Fatih Birol s’inquiète aussi des différences trop marquées dans l’avancée de la transition, à travers le monde. « Si ces pays [les émergents] augmentent leurs émissions, cela anéantira les efforts que nous ferons. Les émissions de CO2 n’ont pas de frontières. Même si la France atteint demain la neutralité, l’impact du changement climatique sera exactement le même si les émissions ne baissent pas ailleurs. ». Il déplore que sur un continent comme l’Afrique qui abrite 60% des ressources solaires mondiales, un habitant sur deux n’ait pas accès à l’électricité. « Et pourtant, aujourd’hui, le continent produit moins d’électricité solaire que la Belgique ! », s’exclame-t-il.
Charbon vs. Nucléaire : « le nucléaire est un actif précieux pour la France »
Le retour du charbon dans certains pays est une source d’inquiétude pour l’AIE. Si certaines centrales ne sont pas fermées, il deviendra impossible d’atteindre les objectifs de décarbonation. Malgré ce constat, Fatih Birol défend à nouveau la Chine qui a ouvert de nombreuses centrales à charbon, l’année passée : « La Chine le fait d’abord pour des raisons de sécurité. Elle a connu des coupures, à cause de la sécheresse qui a touché sa production hydraulique, et du manque de vent qui a affaibli sa production éolienne. Cela l’a traumatisée. Les centrales à charbon sont là en dernier recours. La Chine les construit mais en réalité, elle les utilise de moins en moins ».

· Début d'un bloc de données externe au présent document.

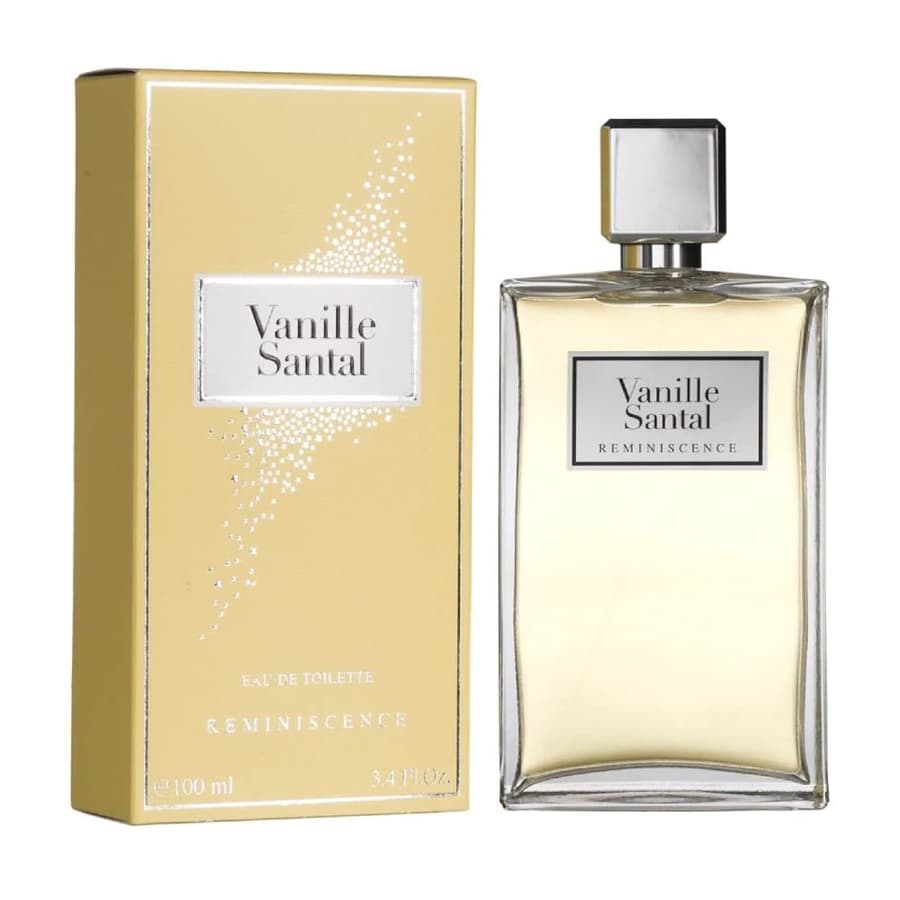 Reminiscence Vanille Santal Unisex EDT 3.4 oz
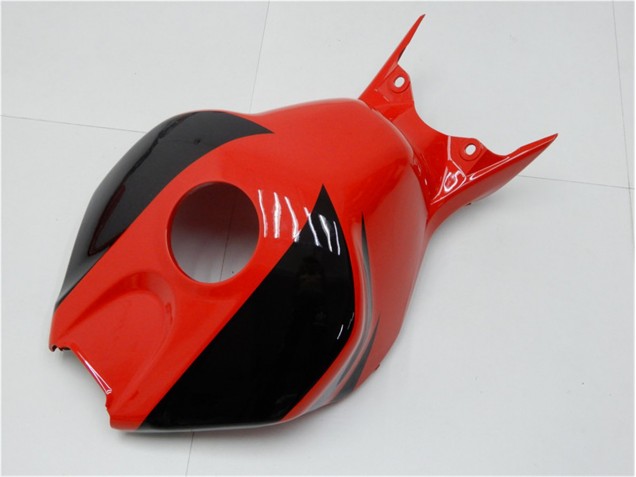 Carenado & Plástico Moto CBR 1000 RR 06-07 - Rojo Negro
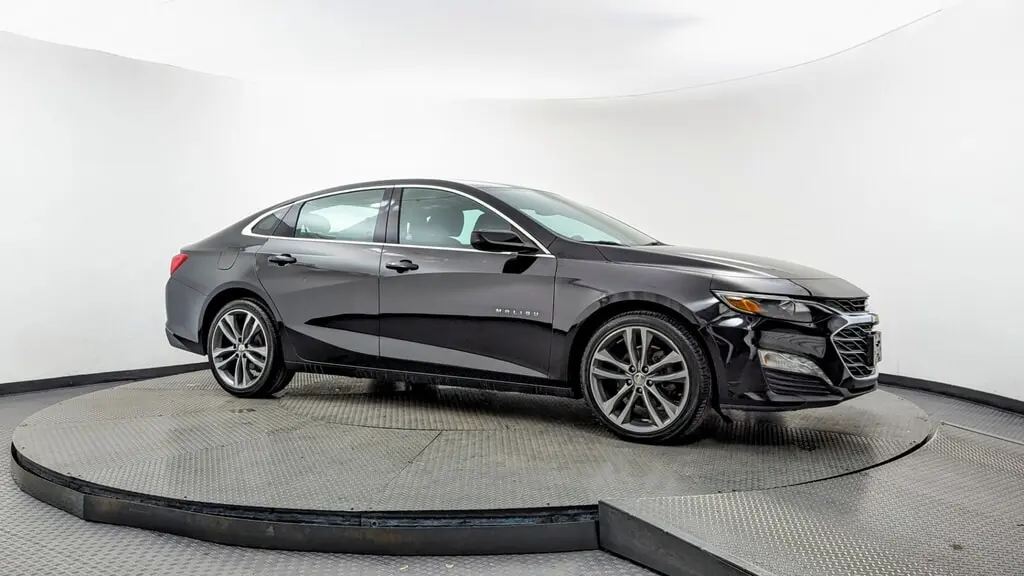 Florida Fine Cars - Used CHEVROLET MALIBU 2023 MIAMI LT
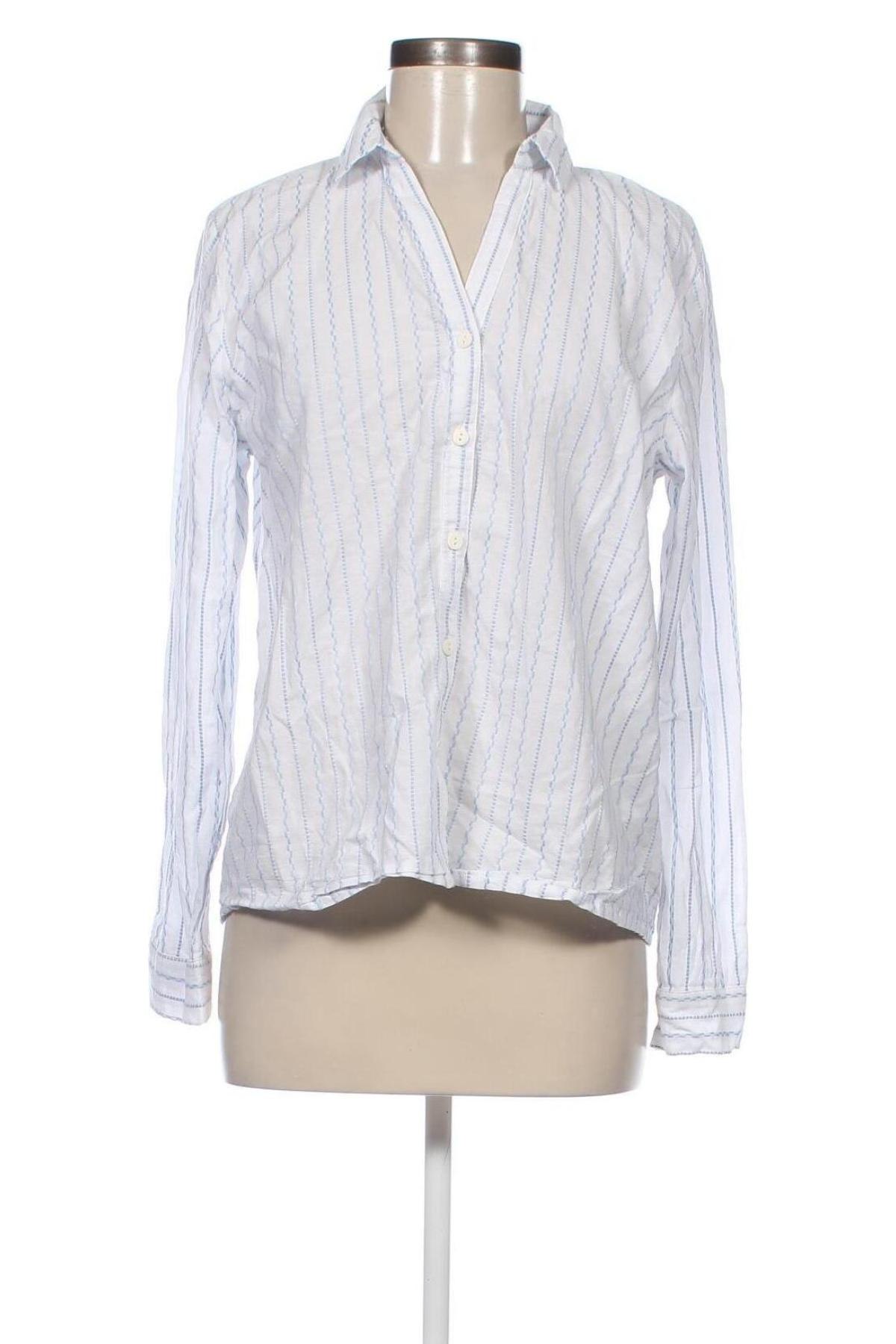 Γυναικείο πουκάμισο LCW, Μέγεθος L, Χρώμα Λευκό, Τιμή 13,81 €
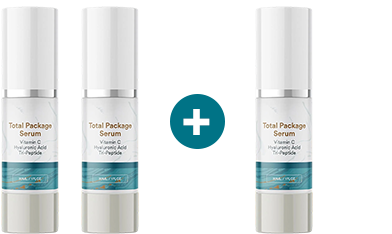 3 Pack Serum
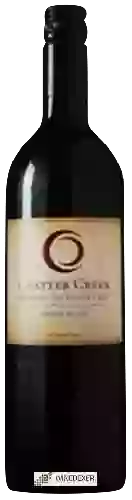Wijnmakerij Chatter Creek - Cabernet Sauvignon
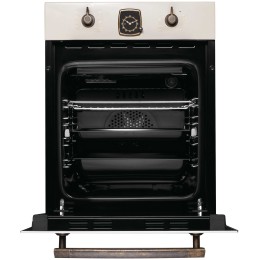 Встраиваемая электрическая духовка KORTING OKB 461 CRB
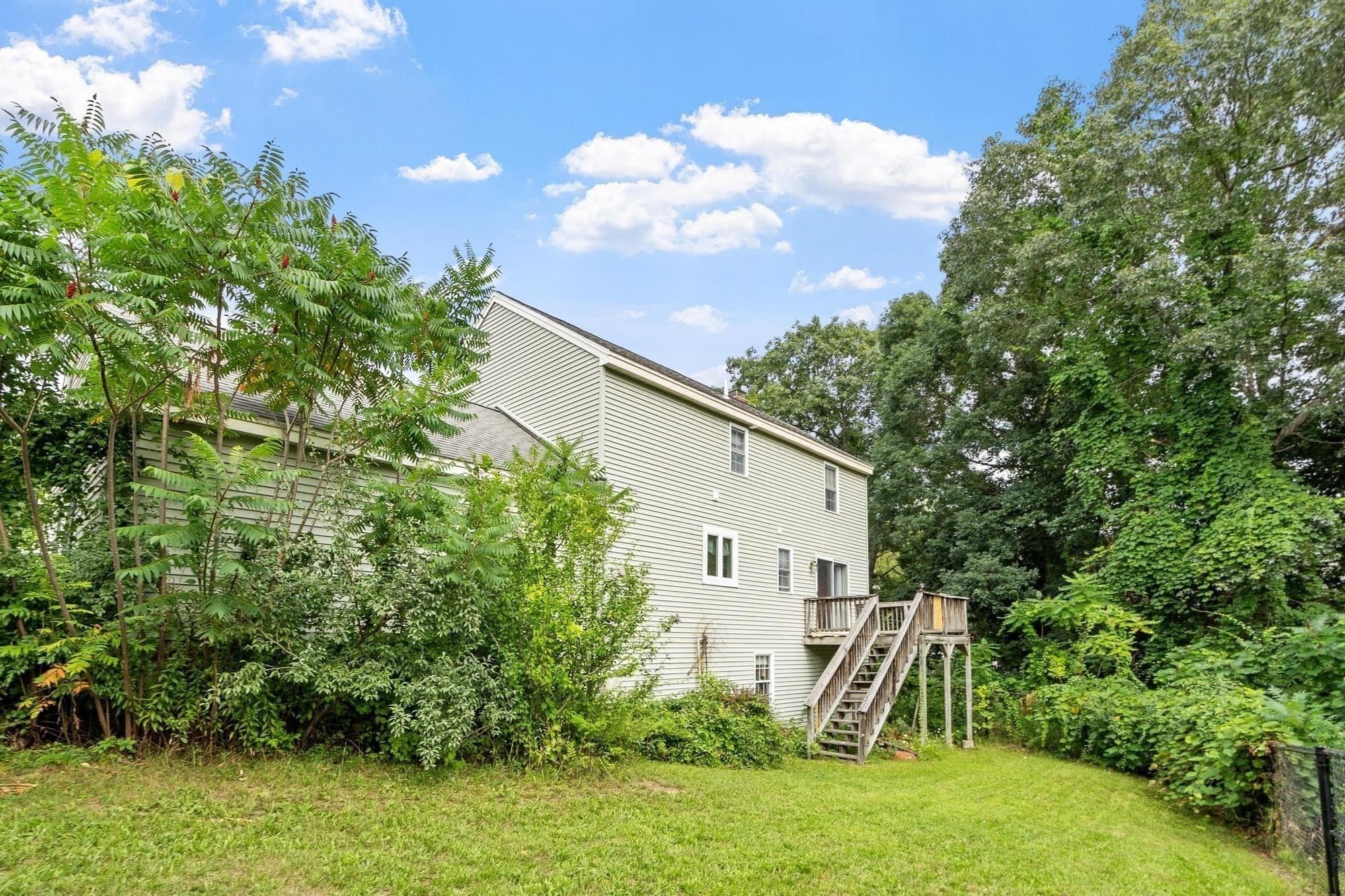 Single Family Residence at 64 Jordans Way, Leominster MA 01453, photo 20 of 22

Quant au nucléaire, Birol se félicite que sa popularité grandisse : « Même en France, je me souviens que je défendais le nucléaire, il y a quelques années, face au gouvernement. Les choses ont changé et je remercie Emmanuel Macron d’être aussi ambitieux dans ce domaine. Le nucléaire, c’est un actif précieux pour la France, au même titre que l’Arc de triomphe ». D’ailleurs, des pays comme le Japon ou la Corée du Sud qui ne voulaient plus s’appuyer sur l’atome, y reviennent.
La Chine qui à elle seule est à l’origine de 80% des nouvelles centrales nucléaires construites en 2023 dans le monde, va bientôt dépasser les Etats-Unis comme première puissance dans le nucléaire.
Pour Birol, si le nucléaire est une parfaite alternative à l’intermittence des énergies renouvelables, il déplore néanmoins que l’industrie nucléaire ait du mal à respecter ses budgets et ses délais de livraison de chantiers : « Ce n’est pas qu’une question d’investissements publics : il faut plus de discipline de la part des entreprises », conclut-il.